== Exercise ==
Every line below between the line holding "5867 SE Snowberry Court Hillsboro OR 97123" and the line holding "The North Face The", inclusive, should be repeated exactly, and all other lines omitted.

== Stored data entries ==
=======

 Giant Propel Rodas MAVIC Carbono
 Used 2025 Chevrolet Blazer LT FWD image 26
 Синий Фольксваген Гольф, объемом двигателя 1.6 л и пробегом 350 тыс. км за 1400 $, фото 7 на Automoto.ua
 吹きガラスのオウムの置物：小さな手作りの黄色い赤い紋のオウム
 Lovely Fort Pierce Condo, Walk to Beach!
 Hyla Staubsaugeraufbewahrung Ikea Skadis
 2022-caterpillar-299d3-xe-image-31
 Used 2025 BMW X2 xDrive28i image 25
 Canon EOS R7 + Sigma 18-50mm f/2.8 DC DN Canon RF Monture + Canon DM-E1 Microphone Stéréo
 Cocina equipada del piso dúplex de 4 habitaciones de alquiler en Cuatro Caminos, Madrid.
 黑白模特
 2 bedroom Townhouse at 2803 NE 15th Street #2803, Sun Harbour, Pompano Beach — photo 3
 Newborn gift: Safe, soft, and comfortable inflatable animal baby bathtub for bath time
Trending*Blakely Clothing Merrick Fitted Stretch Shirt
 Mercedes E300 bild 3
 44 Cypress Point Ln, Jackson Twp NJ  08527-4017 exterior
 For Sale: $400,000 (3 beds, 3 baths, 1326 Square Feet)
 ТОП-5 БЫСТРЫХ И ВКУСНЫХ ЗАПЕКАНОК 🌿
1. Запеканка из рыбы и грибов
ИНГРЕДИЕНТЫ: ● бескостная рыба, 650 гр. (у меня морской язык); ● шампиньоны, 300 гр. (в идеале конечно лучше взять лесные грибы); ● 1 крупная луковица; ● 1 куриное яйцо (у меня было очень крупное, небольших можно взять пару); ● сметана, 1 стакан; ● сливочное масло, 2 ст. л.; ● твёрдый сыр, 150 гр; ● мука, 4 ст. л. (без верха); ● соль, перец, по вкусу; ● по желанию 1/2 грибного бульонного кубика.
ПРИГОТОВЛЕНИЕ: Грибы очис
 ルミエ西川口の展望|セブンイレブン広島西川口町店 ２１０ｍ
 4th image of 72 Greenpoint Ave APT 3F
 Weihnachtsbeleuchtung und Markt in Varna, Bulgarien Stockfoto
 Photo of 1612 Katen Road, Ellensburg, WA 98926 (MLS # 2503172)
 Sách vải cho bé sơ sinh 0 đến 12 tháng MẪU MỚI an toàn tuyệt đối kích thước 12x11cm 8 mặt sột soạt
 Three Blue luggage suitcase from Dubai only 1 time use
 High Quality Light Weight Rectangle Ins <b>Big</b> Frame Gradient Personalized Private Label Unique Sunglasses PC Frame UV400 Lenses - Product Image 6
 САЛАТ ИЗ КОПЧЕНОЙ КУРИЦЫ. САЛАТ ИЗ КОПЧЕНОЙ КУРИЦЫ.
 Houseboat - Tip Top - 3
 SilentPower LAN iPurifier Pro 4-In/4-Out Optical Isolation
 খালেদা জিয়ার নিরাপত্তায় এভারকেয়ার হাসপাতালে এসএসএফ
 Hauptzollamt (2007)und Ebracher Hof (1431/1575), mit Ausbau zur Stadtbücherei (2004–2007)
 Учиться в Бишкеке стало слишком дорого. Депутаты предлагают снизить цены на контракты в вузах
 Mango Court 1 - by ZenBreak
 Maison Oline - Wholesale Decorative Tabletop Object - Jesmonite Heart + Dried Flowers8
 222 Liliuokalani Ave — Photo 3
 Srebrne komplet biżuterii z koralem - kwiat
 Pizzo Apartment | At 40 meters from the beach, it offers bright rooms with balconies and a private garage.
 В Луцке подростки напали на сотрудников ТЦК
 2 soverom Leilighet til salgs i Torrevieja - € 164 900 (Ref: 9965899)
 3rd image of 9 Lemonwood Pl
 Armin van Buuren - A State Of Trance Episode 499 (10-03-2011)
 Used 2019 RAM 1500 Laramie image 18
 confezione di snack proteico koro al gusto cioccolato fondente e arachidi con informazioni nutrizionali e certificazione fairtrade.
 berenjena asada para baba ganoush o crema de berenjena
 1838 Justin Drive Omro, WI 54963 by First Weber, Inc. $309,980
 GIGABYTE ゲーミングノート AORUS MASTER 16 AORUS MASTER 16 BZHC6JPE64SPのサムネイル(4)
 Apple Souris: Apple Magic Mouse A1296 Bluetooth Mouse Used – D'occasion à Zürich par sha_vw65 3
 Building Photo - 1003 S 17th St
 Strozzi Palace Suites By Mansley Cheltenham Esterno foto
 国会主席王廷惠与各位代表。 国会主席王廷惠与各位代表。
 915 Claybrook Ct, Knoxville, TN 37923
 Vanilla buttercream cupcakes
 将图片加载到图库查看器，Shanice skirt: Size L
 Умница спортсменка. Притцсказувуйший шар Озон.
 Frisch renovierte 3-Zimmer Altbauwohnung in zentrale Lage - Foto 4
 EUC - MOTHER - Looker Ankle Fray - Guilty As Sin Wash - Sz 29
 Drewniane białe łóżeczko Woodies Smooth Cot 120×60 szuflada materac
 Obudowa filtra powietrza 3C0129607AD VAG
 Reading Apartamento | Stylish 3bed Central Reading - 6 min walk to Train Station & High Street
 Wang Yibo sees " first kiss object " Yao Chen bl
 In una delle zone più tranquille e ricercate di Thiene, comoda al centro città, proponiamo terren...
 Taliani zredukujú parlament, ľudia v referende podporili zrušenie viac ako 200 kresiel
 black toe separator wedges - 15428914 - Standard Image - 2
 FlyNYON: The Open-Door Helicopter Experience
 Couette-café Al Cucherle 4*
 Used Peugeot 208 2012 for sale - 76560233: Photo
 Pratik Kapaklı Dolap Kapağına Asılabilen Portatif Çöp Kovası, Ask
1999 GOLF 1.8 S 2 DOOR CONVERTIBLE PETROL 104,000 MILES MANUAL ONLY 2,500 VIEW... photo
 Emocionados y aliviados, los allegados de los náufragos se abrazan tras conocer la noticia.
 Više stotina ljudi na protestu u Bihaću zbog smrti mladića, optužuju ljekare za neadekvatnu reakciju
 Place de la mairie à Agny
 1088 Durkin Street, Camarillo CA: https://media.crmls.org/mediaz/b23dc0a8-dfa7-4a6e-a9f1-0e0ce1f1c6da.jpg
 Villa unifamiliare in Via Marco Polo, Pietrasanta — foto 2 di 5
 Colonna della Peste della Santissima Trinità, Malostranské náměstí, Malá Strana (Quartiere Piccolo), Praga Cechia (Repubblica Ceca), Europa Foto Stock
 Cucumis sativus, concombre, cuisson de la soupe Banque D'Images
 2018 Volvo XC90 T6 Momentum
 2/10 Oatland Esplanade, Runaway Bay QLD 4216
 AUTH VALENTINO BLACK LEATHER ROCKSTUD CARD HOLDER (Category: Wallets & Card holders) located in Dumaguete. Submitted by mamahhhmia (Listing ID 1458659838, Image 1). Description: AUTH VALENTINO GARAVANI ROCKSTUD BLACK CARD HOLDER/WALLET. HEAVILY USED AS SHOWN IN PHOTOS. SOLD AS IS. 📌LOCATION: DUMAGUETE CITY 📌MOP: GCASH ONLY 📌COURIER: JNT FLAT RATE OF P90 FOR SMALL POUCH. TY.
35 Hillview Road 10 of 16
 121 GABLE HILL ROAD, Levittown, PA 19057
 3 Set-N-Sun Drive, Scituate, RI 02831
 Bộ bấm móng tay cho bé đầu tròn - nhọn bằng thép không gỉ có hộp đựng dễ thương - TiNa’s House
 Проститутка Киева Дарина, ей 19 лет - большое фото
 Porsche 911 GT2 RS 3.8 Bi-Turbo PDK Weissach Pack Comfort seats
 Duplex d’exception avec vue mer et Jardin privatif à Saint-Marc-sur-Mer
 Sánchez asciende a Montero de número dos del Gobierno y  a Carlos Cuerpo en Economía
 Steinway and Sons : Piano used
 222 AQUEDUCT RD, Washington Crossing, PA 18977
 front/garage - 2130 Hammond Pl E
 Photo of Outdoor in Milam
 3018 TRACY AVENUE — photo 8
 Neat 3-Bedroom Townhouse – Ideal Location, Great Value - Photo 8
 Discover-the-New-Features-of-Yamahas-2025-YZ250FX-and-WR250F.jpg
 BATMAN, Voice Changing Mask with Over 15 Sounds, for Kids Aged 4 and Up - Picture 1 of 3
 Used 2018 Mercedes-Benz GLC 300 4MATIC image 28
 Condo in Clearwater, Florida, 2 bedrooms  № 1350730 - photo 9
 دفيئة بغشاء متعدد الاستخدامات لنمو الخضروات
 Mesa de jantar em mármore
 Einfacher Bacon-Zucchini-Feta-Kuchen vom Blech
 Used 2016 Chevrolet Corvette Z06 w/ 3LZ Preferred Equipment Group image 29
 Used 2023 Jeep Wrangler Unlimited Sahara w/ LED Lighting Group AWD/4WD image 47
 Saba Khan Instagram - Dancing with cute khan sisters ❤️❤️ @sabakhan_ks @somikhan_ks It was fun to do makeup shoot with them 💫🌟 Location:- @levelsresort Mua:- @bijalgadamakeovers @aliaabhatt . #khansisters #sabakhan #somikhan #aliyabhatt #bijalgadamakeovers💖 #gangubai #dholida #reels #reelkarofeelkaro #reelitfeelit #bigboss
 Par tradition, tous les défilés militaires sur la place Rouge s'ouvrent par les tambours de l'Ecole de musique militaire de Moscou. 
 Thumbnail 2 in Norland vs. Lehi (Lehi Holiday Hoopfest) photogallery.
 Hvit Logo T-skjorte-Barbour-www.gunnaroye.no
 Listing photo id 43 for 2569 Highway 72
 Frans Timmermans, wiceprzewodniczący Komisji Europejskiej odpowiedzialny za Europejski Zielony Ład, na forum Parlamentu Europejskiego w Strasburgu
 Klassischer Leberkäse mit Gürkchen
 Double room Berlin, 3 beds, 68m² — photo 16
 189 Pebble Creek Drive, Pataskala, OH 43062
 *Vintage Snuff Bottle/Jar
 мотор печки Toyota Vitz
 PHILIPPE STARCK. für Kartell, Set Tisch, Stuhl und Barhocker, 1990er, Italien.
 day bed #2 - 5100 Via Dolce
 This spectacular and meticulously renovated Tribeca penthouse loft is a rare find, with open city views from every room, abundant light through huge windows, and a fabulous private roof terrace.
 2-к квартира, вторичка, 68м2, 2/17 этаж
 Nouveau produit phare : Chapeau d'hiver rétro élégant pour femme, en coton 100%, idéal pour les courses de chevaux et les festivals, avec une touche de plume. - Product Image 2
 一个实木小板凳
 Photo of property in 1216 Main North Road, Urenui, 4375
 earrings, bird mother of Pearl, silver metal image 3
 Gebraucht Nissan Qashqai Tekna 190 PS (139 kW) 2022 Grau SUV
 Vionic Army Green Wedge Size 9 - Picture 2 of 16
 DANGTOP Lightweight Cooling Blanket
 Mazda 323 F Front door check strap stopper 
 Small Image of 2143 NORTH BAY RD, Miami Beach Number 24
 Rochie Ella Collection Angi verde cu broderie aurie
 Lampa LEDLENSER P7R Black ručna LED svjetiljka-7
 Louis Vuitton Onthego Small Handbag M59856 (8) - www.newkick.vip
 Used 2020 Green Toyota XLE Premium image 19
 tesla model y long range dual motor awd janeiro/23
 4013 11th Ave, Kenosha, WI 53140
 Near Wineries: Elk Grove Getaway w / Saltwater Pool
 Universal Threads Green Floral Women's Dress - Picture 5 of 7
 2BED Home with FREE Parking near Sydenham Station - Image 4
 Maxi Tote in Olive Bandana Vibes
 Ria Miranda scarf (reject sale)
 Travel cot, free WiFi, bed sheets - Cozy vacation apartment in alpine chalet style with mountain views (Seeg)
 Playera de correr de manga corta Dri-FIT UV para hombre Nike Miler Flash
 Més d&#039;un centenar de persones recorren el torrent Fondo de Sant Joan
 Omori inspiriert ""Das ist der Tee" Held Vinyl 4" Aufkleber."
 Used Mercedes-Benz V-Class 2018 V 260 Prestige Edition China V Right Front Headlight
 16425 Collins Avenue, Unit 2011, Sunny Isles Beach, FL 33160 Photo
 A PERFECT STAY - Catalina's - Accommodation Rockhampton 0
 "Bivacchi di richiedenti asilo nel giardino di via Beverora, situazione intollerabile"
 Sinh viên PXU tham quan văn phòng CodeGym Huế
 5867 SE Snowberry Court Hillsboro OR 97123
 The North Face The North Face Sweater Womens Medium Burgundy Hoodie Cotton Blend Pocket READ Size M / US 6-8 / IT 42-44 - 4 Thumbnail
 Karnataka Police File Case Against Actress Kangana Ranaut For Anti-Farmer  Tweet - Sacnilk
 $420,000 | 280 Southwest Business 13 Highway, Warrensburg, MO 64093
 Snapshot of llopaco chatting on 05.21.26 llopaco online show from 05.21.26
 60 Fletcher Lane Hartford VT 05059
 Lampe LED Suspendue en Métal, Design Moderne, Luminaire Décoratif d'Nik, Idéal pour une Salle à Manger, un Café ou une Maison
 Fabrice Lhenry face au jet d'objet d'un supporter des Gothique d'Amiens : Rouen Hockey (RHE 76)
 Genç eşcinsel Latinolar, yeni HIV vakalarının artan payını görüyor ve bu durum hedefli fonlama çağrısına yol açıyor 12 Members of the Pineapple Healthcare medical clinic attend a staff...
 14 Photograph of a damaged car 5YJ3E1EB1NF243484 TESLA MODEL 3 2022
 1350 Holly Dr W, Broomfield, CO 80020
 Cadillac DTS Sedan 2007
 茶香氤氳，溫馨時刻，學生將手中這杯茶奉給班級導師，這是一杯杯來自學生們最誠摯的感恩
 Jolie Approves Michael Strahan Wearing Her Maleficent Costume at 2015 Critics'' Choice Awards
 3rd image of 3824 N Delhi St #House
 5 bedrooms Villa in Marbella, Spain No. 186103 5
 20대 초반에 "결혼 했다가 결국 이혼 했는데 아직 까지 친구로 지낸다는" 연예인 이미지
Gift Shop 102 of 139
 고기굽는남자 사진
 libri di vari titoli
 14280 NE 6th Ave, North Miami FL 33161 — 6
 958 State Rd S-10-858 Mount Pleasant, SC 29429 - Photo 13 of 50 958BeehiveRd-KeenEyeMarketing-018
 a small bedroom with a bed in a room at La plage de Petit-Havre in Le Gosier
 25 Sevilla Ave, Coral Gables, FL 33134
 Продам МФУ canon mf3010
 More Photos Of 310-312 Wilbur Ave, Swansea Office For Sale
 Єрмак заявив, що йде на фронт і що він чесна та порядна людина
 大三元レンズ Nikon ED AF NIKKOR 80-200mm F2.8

=======

== Reply ==
 5867 SE Snowberry Court Hillsboro OR 97123
 The North Face The North Face Sweater Womens Medium Burgundy Hoodie Cotton Blend Pocket READ Size M / US 6-8 / IT 42-44 - 4 Thumbnail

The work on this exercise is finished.